Rover headed to Mars with INL power system on board
by Nicole Stricker, INL Communications & Governmental Affairs
|Steve Johnson, director of INL’s Space Nuclear Systems and Technology Division, led the team that fueled and tested the Mars Science Laboratory’s power system.|
NASA's Mars Science Laboratory mission
, which is scheduled to launch this week, has the potential to be the most productive Mars surface mission in history. That's due in part to its nuclear heat and power source.
When the rover Curiosity heads to space as early as Friday, it will carry the most advanced payload of scientific gear ever used on Mars' surface. Those instruments will get their lifeblood from a radioisotope power system assembled and tested at Idaho National Laboratory. The Multi-Mission Radioisotope Thermoelectric Generator is the latest "space battery" that can reliably power a deep space mission for many years.
The device provides a continuous source of heat and power for the rover's instruments. NASA has used nuclear generators to safely and reliably power 26 missions over the past 50 years. New generators like the one destined for Mars are painstakingly assembled and extensively tested at INL before heading to space.
|Workers peer through the window of a specially designed hot cell as they complete the process of fueling the rover’s power system.|
"This power system will enable Curiosity to complete its ambitious expedition in Mars' extreme temperatures and seasons," said Stephen Johnson
, director of INL's Space Nuclear Systems and Technology Division
. "When the unit leaves here, we’ve verified every aspect of its performance and made sure it’s in good shape when it gets to Kennedy Space Center."

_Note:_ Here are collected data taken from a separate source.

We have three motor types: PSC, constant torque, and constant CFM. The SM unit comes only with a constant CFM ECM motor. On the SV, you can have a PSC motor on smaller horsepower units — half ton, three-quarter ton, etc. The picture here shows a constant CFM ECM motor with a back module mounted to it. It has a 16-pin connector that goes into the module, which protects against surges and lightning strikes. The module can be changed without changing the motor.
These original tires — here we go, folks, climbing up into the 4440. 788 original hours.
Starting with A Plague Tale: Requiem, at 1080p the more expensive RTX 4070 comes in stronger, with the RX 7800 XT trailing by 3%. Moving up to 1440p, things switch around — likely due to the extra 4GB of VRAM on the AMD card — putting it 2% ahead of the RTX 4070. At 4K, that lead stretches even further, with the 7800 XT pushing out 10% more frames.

The power system provides about 110 watts of electricity and can run continuously for many years. The nuclear fuel is protected by multiple layers of safety features that have each undergone rigorous testing under varied accident scenarios.
The INL team began assembling the mission's power source in summer 2008. By December of that year, the power system was fully fueled, assembled and ready for testing. INL performs a series of tests to verify that such systems will perform as designed during their missions. These tests include:
- Vibrational testing to simulate rocket launch conditions.

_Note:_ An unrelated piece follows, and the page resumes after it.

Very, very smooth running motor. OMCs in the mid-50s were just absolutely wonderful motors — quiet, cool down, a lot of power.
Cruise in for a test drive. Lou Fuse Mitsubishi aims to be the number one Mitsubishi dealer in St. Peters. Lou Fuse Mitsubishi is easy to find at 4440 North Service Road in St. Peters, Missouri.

- Magnetic testing to ensure the system's electrical field won't affect the rover's sensitive scientific equipment.
- Mass properties tests to determine the center of gravity, which impacts thruster calculations for moving the rover.
- Thermal vacuum testing to verify operation on a planet’s surface or in the cold vacuum of space.
|Employees at INL’s Space and Security Power Systems Facility performed a series of acceptance tests on the power system.|
INL completed its tests in May 2009, but by then the planned September 2009 launch had been delayed until this month because of hurdles with other parts of the mission. So INL stored the power system until earlier this summer, when it was shipped to Kennedy Space Center and mated up with the rover to ensure everything fit and worked as designed.
The system will supply warmth and electricity to Curiosity and its scientific instruments using heat from nuclear decay. The generator is fueled with a ceramic form of plutonium dioxide encased in multiple layers of protective materials including iridium capsules and high-strength graphite blocks. As the plutonium naturally decays, it gives off heat, which is circulated through the rover by heat transfer fluid plumbed throughout the system. Electric voltage is produced by using thermocouples, which exploit the temperature difference between the heat source and the cold exterior. More details about the system are in this fact sheet.
Curiosity is expected to land on Mars in August 2012 and carry out its mission over 23 months. It will investigate Mars' Gale Crater for clues about whether environmental conditions there have favored the development of microbial life, and to preserve any evidence it finds.
NASA chose to use a nuclear power source because solar power alternatives did not meet the full range of the mission's requirements. Only the radioisotope power system allows full-time communication with the rover during its atmospheric entry, descent and landing regardless of the landing site. And the nuclear powered rover can go farther, travel to more places, last longer, and power and heat a larger and more capable scientific payload compared to the solar power alternative NASA studied.